(Dataset records begins)
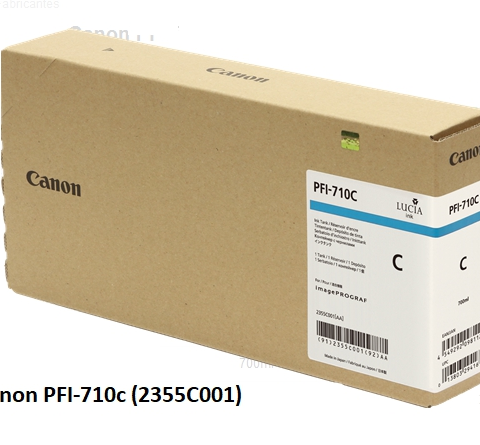 Canon Cartucho de tinta cian PFI-710c 2355C001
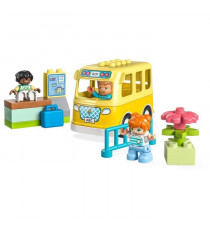 LEGO DUPLO 10988 Le Voyage en Bus, Jouet Éducatif pour Développer la Motricité Fine, Enfants 2 Ans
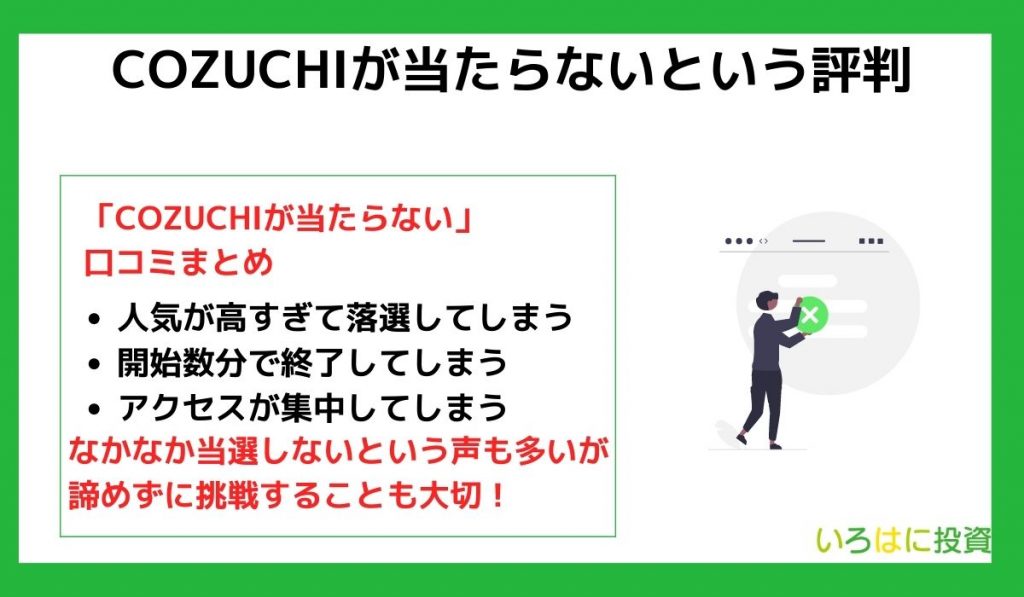 COZUCHIが当たらないという評判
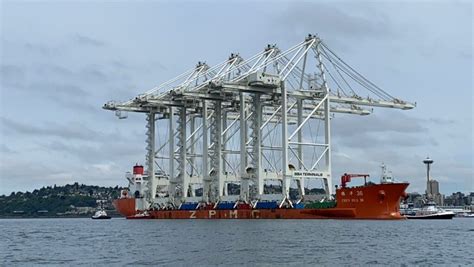 Ssa Marine Brings In Four Of The Largest Cranes On The West Coast To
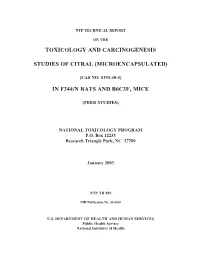 Citral (Microencapsulated)
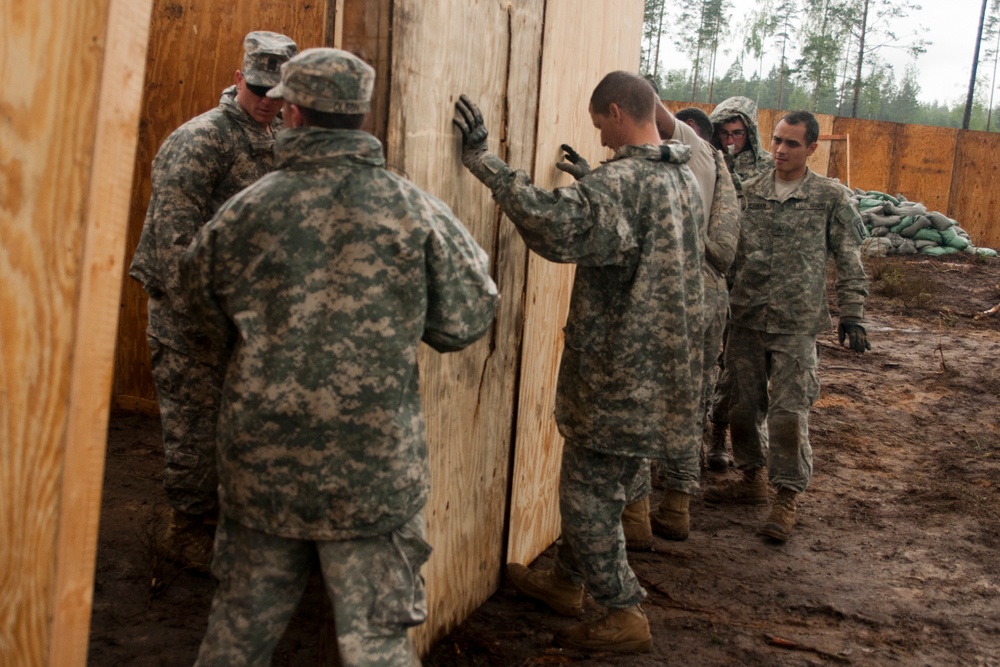 US paratroopers prepare training range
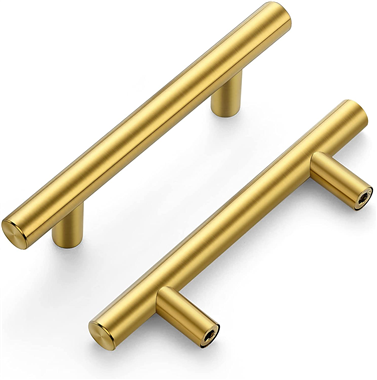 Cabinet Pulls Brushed Brass Stainless Steel Kitchen Drawer Pulls Cupboard Pulls Cabinet Handles 5”Le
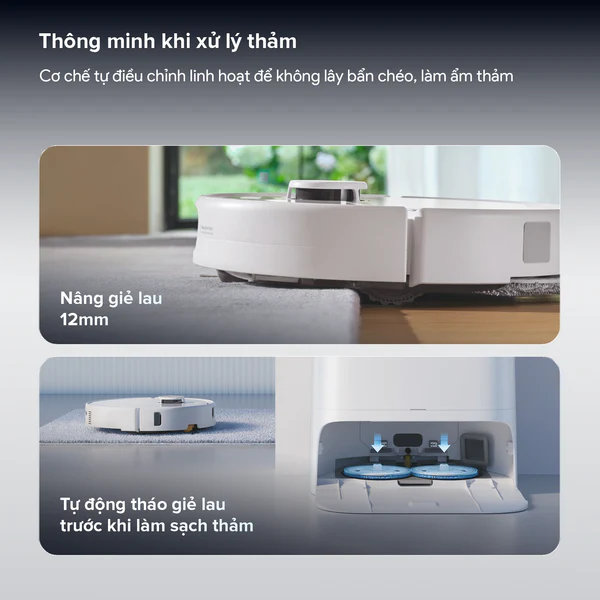 Robot Hút Bụi Lau Nhà Roborock Qrevo 2 Pro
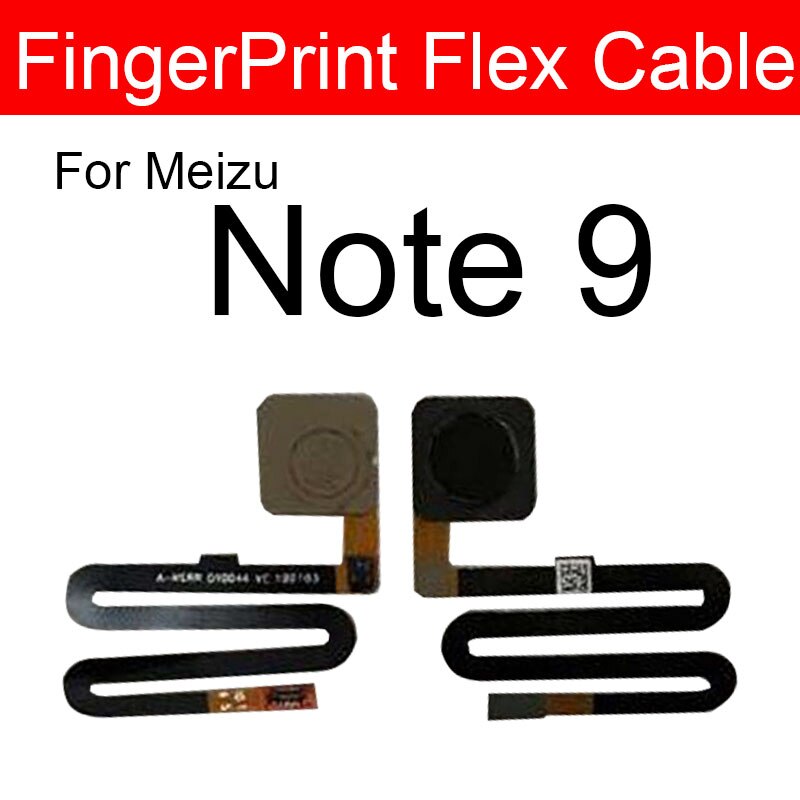 Terug Home Knop Vingerafdruk Flex Kabel Voor Meizu Opmerking 9 Note9 M923Q Sensor Touch ID Vingerafdruk Flex Lint Vervanging Reparatie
(Dataset records ends)
Task to complete: Every line from the one containing "US paratroopers prepare training range" through the end of the entries above is to be copied exactly; pictures are to be left out.

Your solution:
 US paratroopers prepare training range
 Cabinet Pulls Brushed Brass Stainless Steel Kitchen Drawer Pulls Cupboard Pulls Cabinet Handles 5”Le
 Robot Hút Bụi Lau Nhà Roborock Qrevo 2 Pro
 Terug Home Knop Vingerafdruk Flex Kabel Voor Meizu Opmerking 9 Note9 M923Q Sensor Touch ID Vingerafdruk Flex Lint Vervanging Reparatie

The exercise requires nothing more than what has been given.